Beginning with the line that contains "Flerbar D16000 –" in the material below, print each line exactly until the line that contains "Pala da neve rossa" has been printed, then stop.

=== Data ===

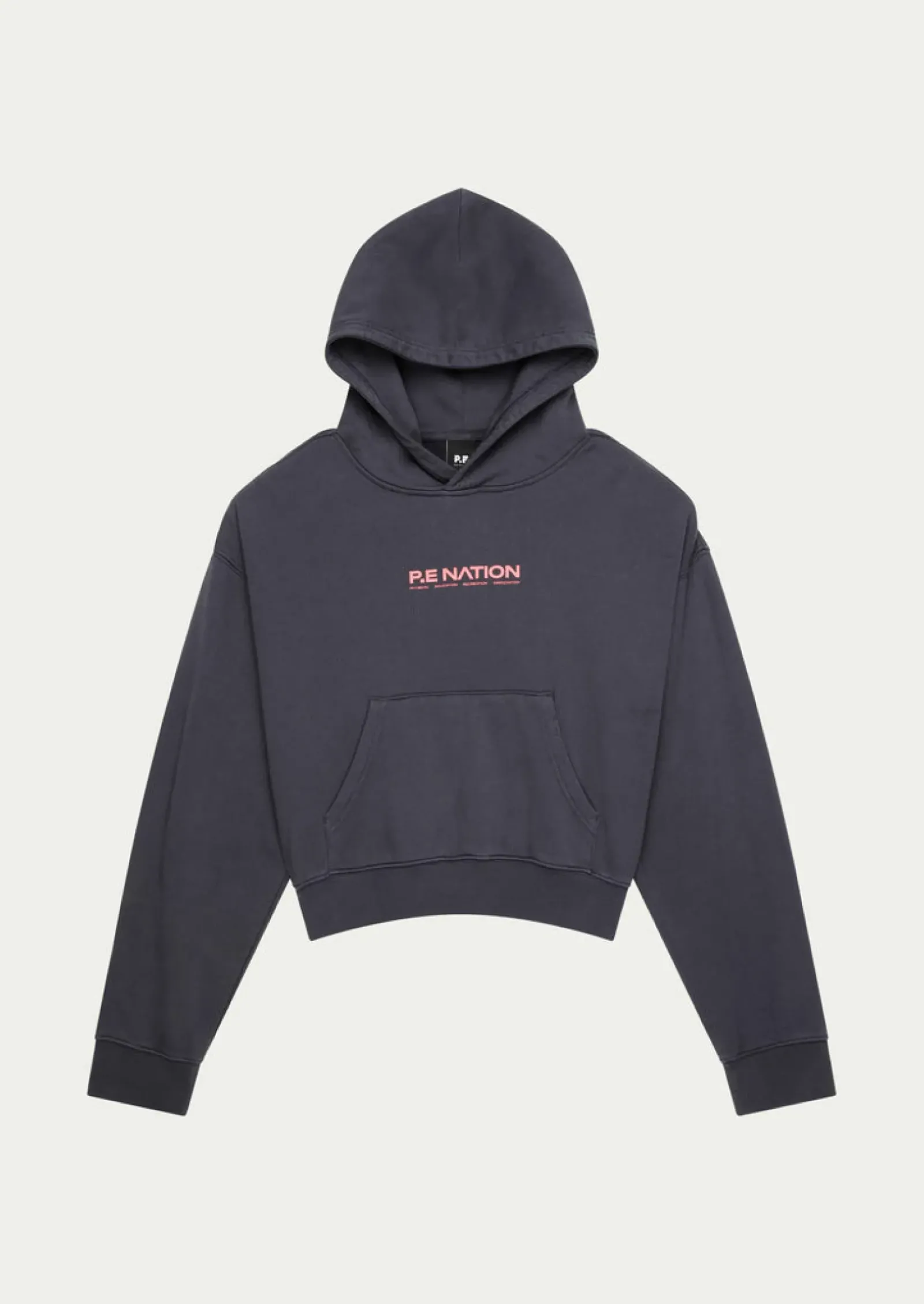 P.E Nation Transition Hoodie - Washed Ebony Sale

===
=== Data ===

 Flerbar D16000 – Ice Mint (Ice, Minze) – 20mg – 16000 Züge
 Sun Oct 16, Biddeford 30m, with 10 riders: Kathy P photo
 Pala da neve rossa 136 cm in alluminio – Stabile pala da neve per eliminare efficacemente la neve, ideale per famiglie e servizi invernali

===

Solution for this task>
 Flerbar D16000 – Ice Mint (Ice, Minze) – 20mg – 16000 Züge
 Sun Oct 16, Biddeford 30m, with 10 riders: Kathy P photo
 Pala da neve rossa 136 cm in alluminio – Stabile pala da neve per eliminare efficacemente la neve, ideale per famiglie e servizi invernali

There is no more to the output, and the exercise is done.